Но как люди относятся к тем, кто не принадлежит к их группе? В этих обстоятельствах именно атеисты оказываются более просоциальными – они добрее к чужакам и чаще берут их под защиту. Более того, религиозная предварительная установка для верующих может даже повысить их предубежденность по отношению к чужакам, усилить мстительность и желание наказывать за проступки. В одном классическом исследовании школьники из религиозных семей считали, что стирать с лица земли невинный народ ни в коем случае нельзя… если только это была не ветхозаветная история Иисуса Навина, истребившего невинных жителей Иерихона. В другом исследовании религиозная установка побуждала ортодоксальных евреев, жителей Западного берега, восхищаться еврейским террористом, убивавшим палестинцев. В одном исследовании простая прогулка мимо церкви заставляла верующих христиан выказывать больше негативных эмоций по отношению к атеистам, этническим меньшинствам и представителям ЛГБТК[250]. В другом исследовании преднастройка испытуемых-христиан при помощи христианской версии «золотого правила» не уменьшала их гомофобию; а если в качестве предварительной установки использовали его буддистский эквивалент, их гомофобия только усиливалась. Наконец, в ряде часто цитируемых исследований изучалась агрессивность испытуемых по отношению к сопернику в игре (например, громкость звука, которым они могли оглушить другого игрока). Такая агрессивность увеличивалась, если испытуемые сначала читали текст с упоминанием Бога или Библии (по сравнению с текстами без таких упоминаний); агрессивность возрастала еще сильнее, если испытуемые читали отрывок о библейской мести, санкционированной Богом, по сравнению с описанием той же мести без божественной санкции{305}.
Итак, целый ряд исследований показывает, что, когда мы сравниваем доброту верующих и неверующих по отношению к другим людям, все зависит от того, кто эти другие. Выясняется, что в большинстве экспериментов, направленных на изучение этих вопросов, испытуемые подсознательно думали о членах своей группы.

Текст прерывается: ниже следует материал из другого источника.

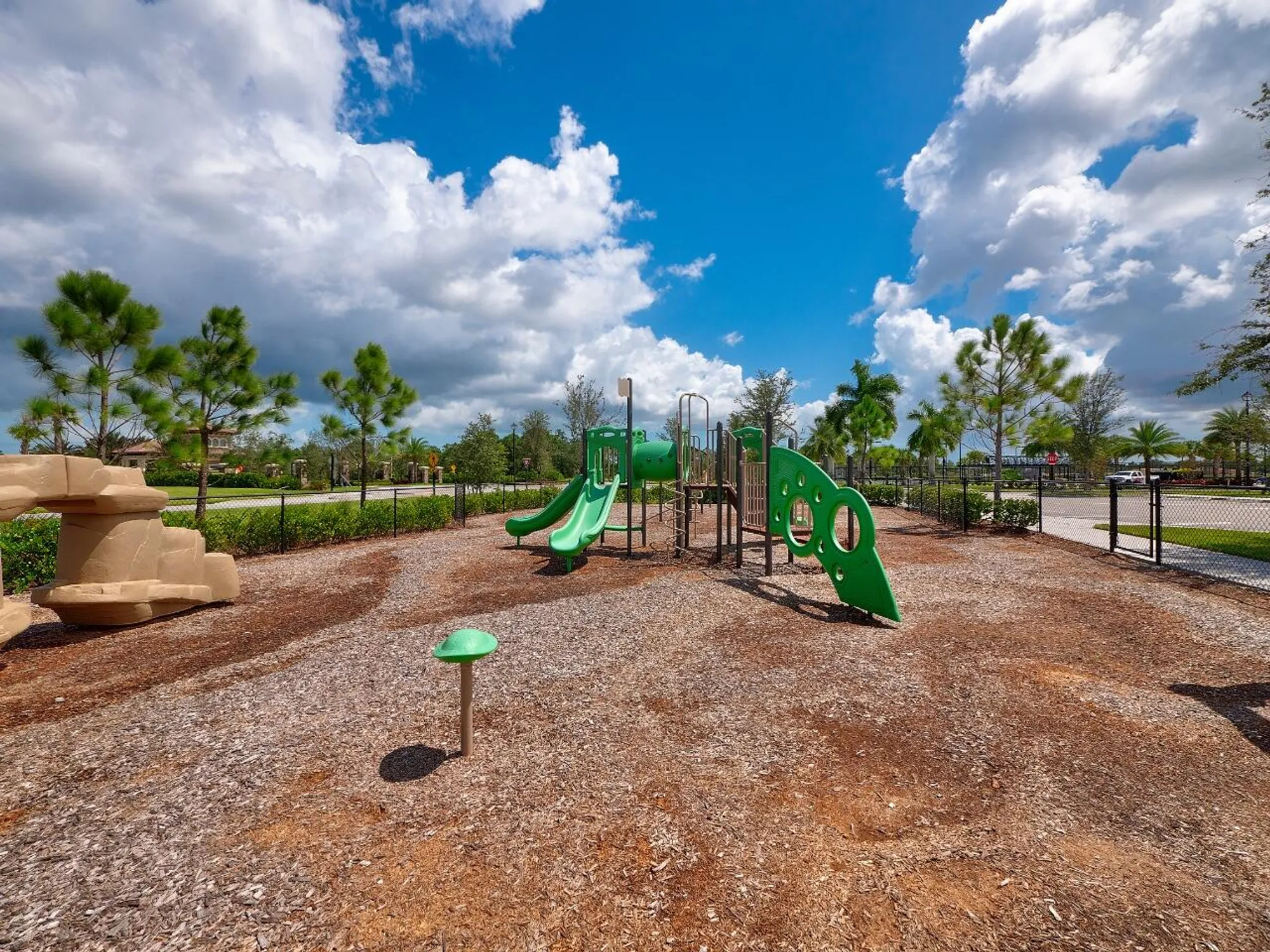 Property Slideshow image 38 of 40 | 564 se monet dr, Port Saint Lucie, FL, 34984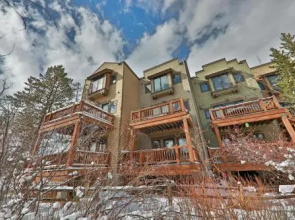 102 Willows Way Townhouse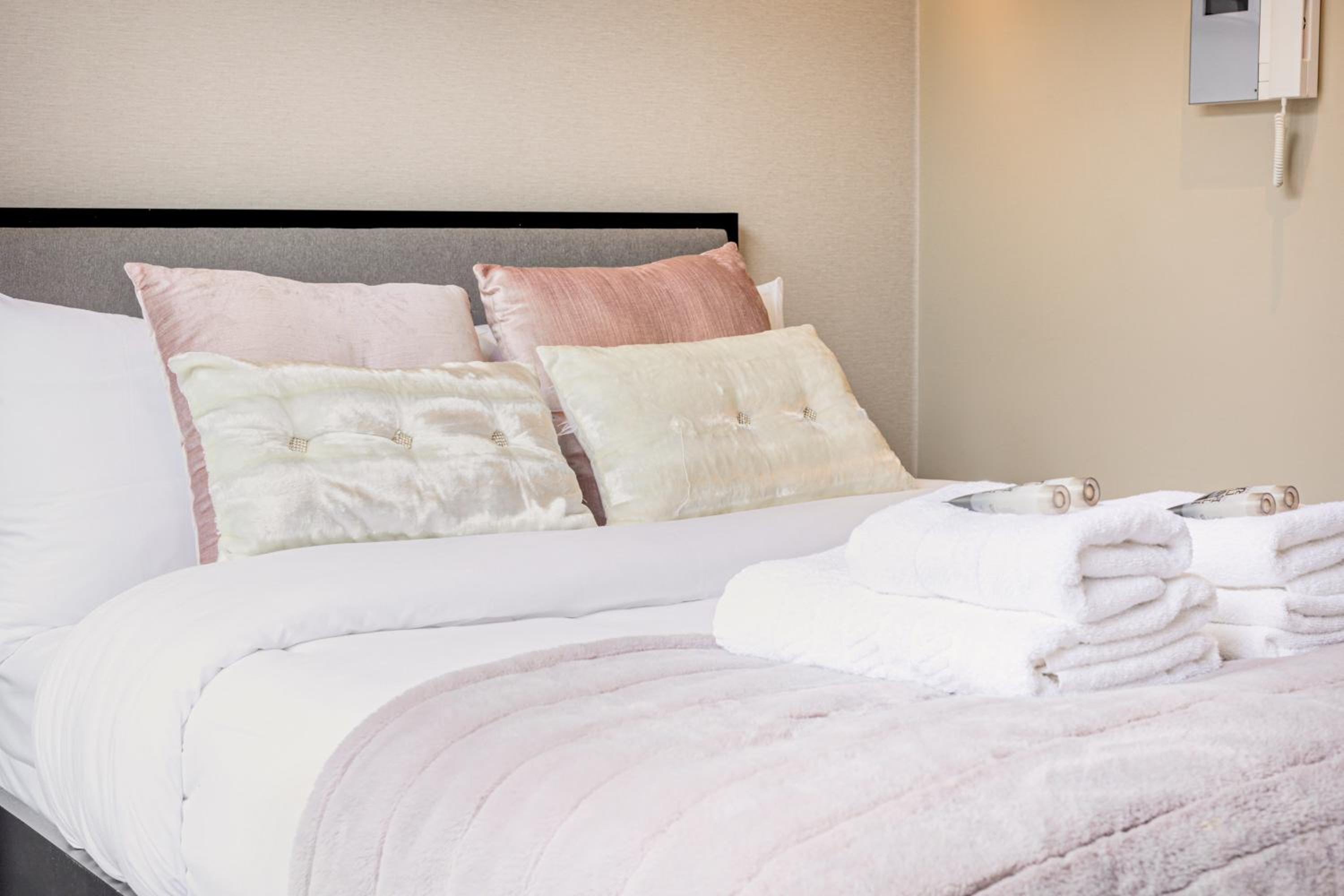Fantastic Multilevel 3BR, Vibrant Angel, 5min Tube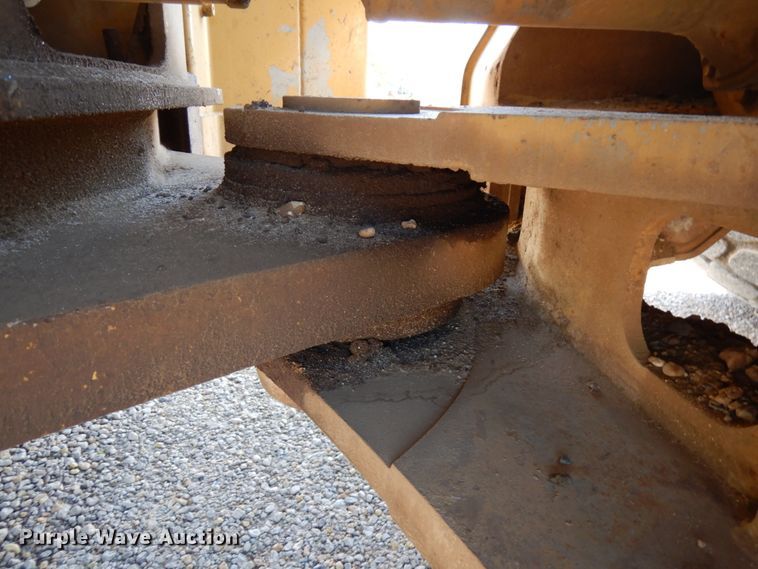 image for item HD9157 1999 Caterpillar 980G  wheel loader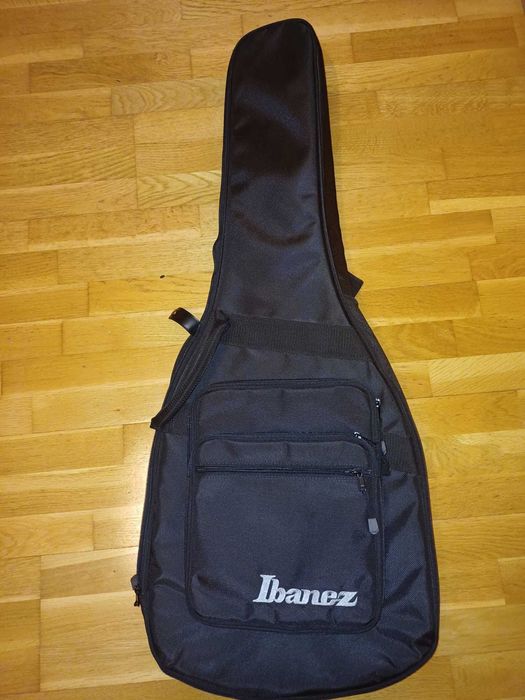 Ibanez AZ226-BKF Premium- Formato Stratocaster - Guitarra elétrica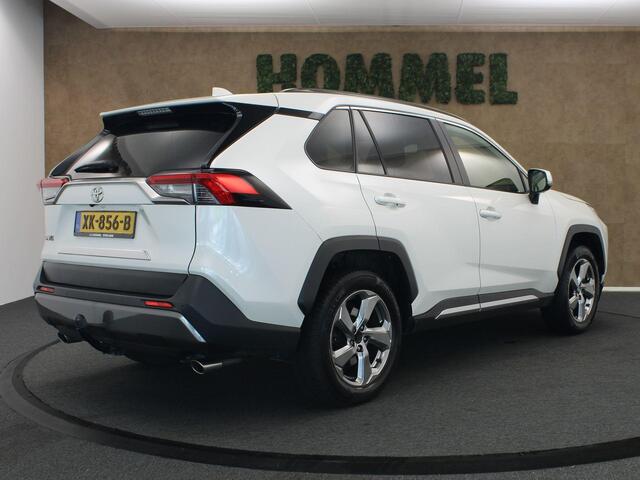 Toyota RAV4 2.0 VVT-iE First Edition - ORIGINEEL NEDERLANDSE AUTO - VASTE TREKHAAK - TREKGEWICHT 1500 KG -NAVIGATIE - ELEKTRISCHE ACHTERKLEP - PARKEERSENSOREN VOOR/ ACHTER - DODEHOEK DETECTIE - CONTINENTAL 4 SEIZOENENBANDEN - PARELMOER LAK - KEYLESS ENTRY/ START - 18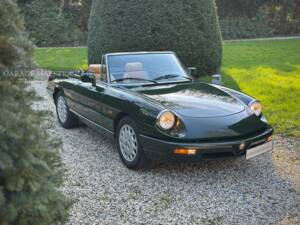 Image 79/100 de Alfa Romeo 2.0 Spider (1993)
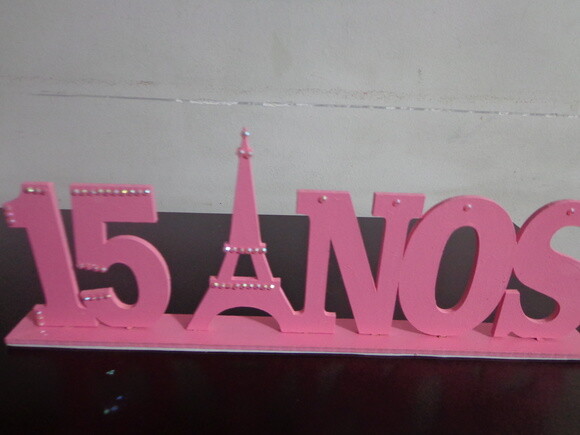 Palavra 15 Anos, em mdf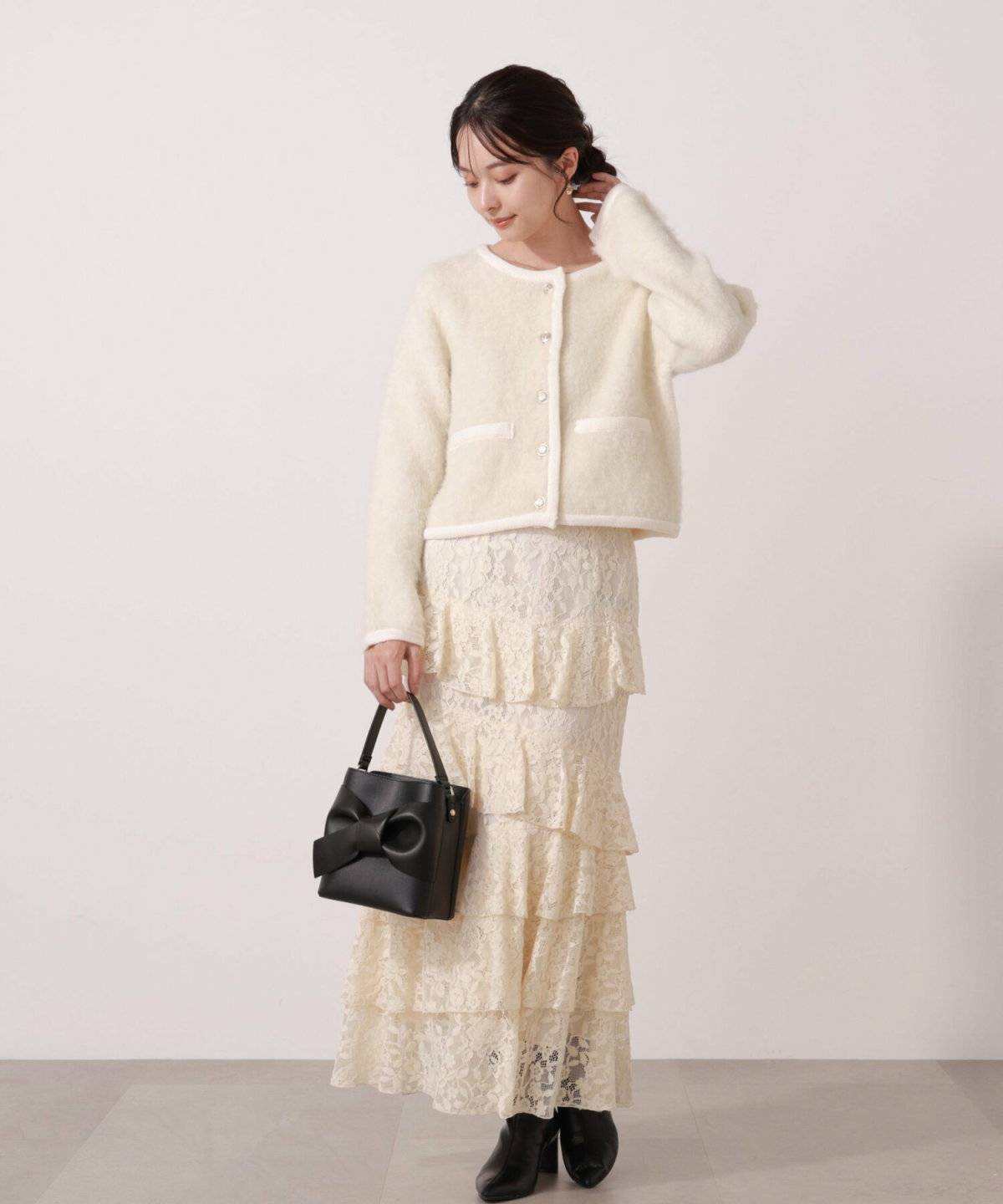 オールホワイトコーデの女性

Представьте, что профессор набирает группу студентов-психологов для участия в исследовании, которое определит, насколько они щедры и благонадежны. В рамках исследования они играют в экономическую онлайн-игру – якобы против человека, сидящего в соседней комнате. Как вы думаете, кого представляют на его месте студенты – своего соученика или погонщика яков из Бутана? Дизайн таких исследований неявно побуждает испытуемых думать о других участниках, гипотетических или реальных, как о членах своей группы, тем самым непропорционально настраивая теистов (но не атеистов) на бо́льшую просоциальность.
Как бы влиял вопрос «Кому помогают?» при сравнении верующих в свободу воли и скептиков? Я бы предположил, что адепты свободы воли почувствуют более сильную моральную потребность помочь человеку, который прикладывает дополнительные усилия на пути к своей цели, а скептики почувствуют более сильное желание понять поступки человека, который сильно от них отличается.
Мы вернулись к основному вопросу этого раздела: грозит ли человечеству моральный упадок, если оно разуверится в существовании всемогущей силы, оценивающей людские дела? Похоже, что да. Но только до тех пор, пока вы просите людей рассказывать вам о своей высокой нравственности, а не проявлять ее и используете в качестве предварительных установок религиозные подсказки, а не светские символы эквивалентной силы. И до тех пор, пока «хорошие поступки» носят индивидуальный, а не коллективный характер и направлены на людей, похожих на нас. Неверие в морализующего бога (богов) не заставляет людей вести себя как-то особенно аморально; и это помогает объяснить, почему неверие в свободу воли тоже ничего подобного не делает.